BACKGROUND: Post-infectious irritable bowel syndrome (PI-IBS) is generally regarded as a functional disease. Several recent studies have reported the involvement of low-grade inflammation and immunological dysfunction in PI-IBS. T helper 17 (Th17) polarization occurs in IBS. Adenosine and its receptors participate in intestinal inflammation and immune regulation. AIM: To investigate the role of Th17 polarization of CD4+ T cells regulated by adenosine 2A receptor (A2AR) in PI-IBS. METHODS: A PI-IBS model was established by infecting mice with Trichinella spiralis. The intestinal A2AR and CD4+ T lymphocytes were detected by immunohistochemistry, and the inflammatory cytokines were detected by enzyme-linked immunoassay. CD4+ T lymphocytes present in the animal's spleen were separated and cultured with or without A2AR agonist and antagonist. Western blotting and real-time quantitative polymerase chain reaction were performed to determine the effect of A2AR on the cells and intestinal tissue. Cytokine production was determined. The protein and mRNA levels of A2AR associated signaling pathway molecules were also evaluated.
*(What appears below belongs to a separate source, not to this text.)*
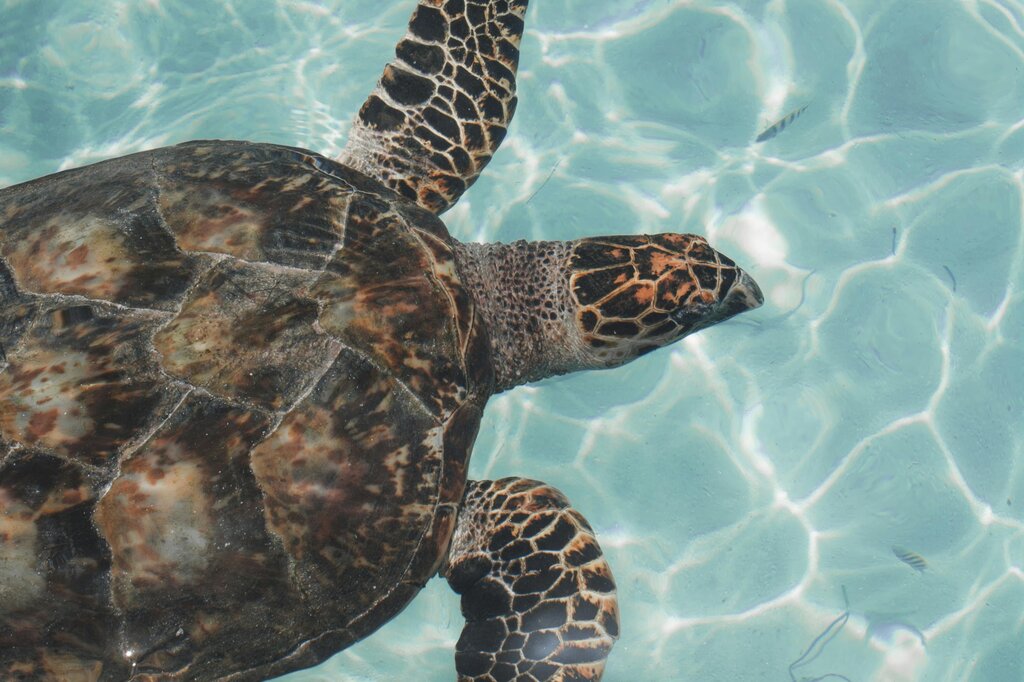 CAREY - pexels claves para identificar tortugas marinas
Furthermore, A2AR agonist and antagonist were injected into the mouse model and the clinical features were observed. RESULTS: The PI-IBS mouse model showed increased expression of ATP and A2AR (P < 0.05), and inhibition of A2AR improved the clinical features in PI-IBS, including the abdominal withdrawal reflex and colon transportation test (P < 0.05). The number of intestinal CD4+ T cells and interleukin-17 (IL-17) protein levels increased during PI-IBS, which was reversed by administration of the A2AR antagonist (P < 0.05). CD4+ T cells expressed A2AR and produced IL-17 in vitro, which was regulated by the A2AR agonist and antagonist. The A2AR antagonist increased the production of IL-17 by CD4+ T cells via the Janus kinase-signal transducer and activator of transcription-receptor-related orphan receptor γ signaling pathway. CONCLUSION: The results of the present study suggested that the upregulation of A2AR increases PI-IBS by promoting the Th17 polarization of CD4+ T cells.